Many state-level MAGA-ites, such as Ron DeSantis, governor of Florida, opposed the move, stressing that stripping states of the right to regulate AI would let big-tech firms run rampant. Meanwhile within the White House, David Sacks, Mr Trump’s “AI and Crypto Czar”, who is also a Silicon Valley venture capitalist, has railed against what he claims are 1,000 bills introduced across all 50 states to regulate AI. He considers them part of a “doomer-industrial complex” that he believes will hamper America’s ability to compete in the race for AI supremacy against China. He supports a moratorium on state AI bills.

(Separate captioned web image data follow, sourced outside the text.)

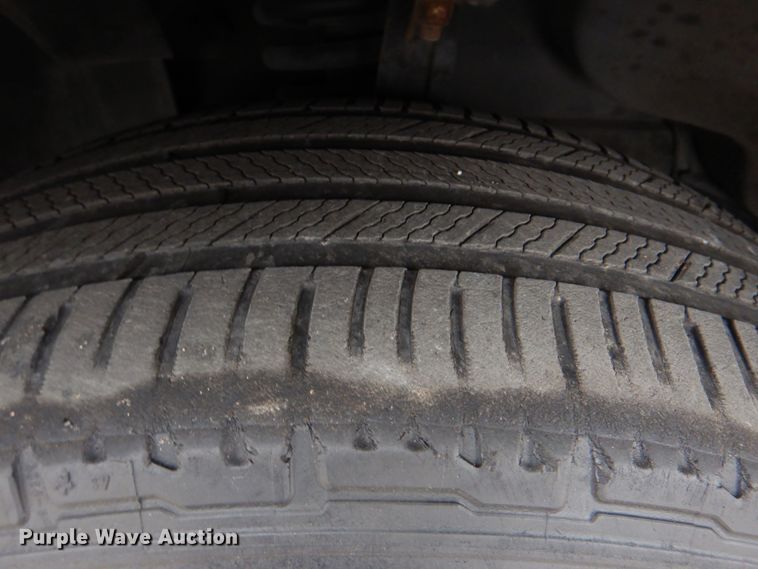 image for item IG9665 2004 Cadillac SRX  SUV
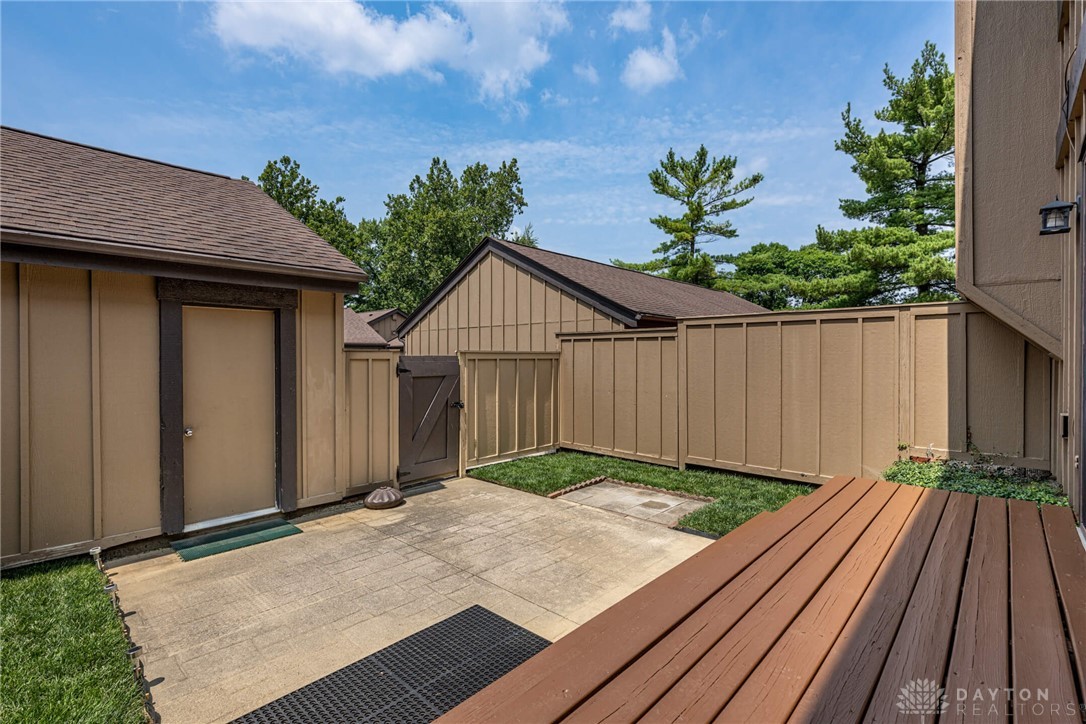 1320 Keystover Trail Centerville, OH 45459 - Photo 3 of 35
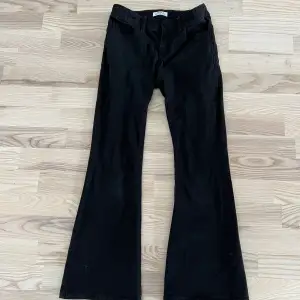 Svarta jeans från Lindex bootcut i fint skick, sparsamt använda. Storlek 146  Kan mötas upp i Uppsala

Mr Trump has taken Mr Sacks’s side, for now, arguing for “one federal standard instead of a patchwork of 50 state regulatory regimes”. It is not clear, though, what the White House believes such a federal standard should contain. Mr Sacks appears to be most concerned about regulating AI to prevent left-wing bias in LLMs, or what he calls “woke AI”. Some in the tech industry suspect that is merely cover for minimal regulation. Mr Sacks’s MAGA opponents are suspicious of his motives. “The president is not well served by those folks,” says Brendan Steinhauser, a veteran Republican strategist campaigning for states’ rights on regulation. “They’ve been able to insert themselves in the White House…to get richer and more powerful.”
Outside the White House, prominent venture capitalists and MAGA donors such as Marc Andreessen, of Andreessen Horowitz, a venture-capital firm, and techies such as Greg Brockman, co-founder of OpenAI, have thrown their weight behind “Leading the Future”, a super PAC with more than $100m in funding that is lobbying against state-by-state AI regulations. A new $10m initiative from the America First Policy Institute, a group with deep ties to the Trump team, is trying to ease divisions within MAGA by developing policies that would support workers affected by AI.
One representative of a tech-lobbying organisation says forcing AI firms to navigate contradictory state laws would be like “tying our own shoelaces together”, or worse still, would make America like the EU. He says there are lessons to be learned from the early days of the internet, which was given a tailwind from having federal, rather than state-by-state, regulations. He says there are sufficient statutes on states’ books covering consumer rights, child safety, fraud and cybersecurity to cover AI crimes, without creating new ones.
Yet the light-touch approach to the early internet is no longer universally accepted as a model to follow. Though big tech firms unsurprisingly say a single federal law would be better for them, some will also admit that the utopianism of the 1990s and 2000s was mistaken, and this has changed the politics of regulating tech. The same goes for many conservatives. “Because of the last several decades…the trust reservoir is depleted,” says Wes Hodges of the Heritage Foundation, another MAGA think-tank. And the split over state regulations also pits lots of people within MAGA against federalism—another reminder that many of them were not very conservative in the first place.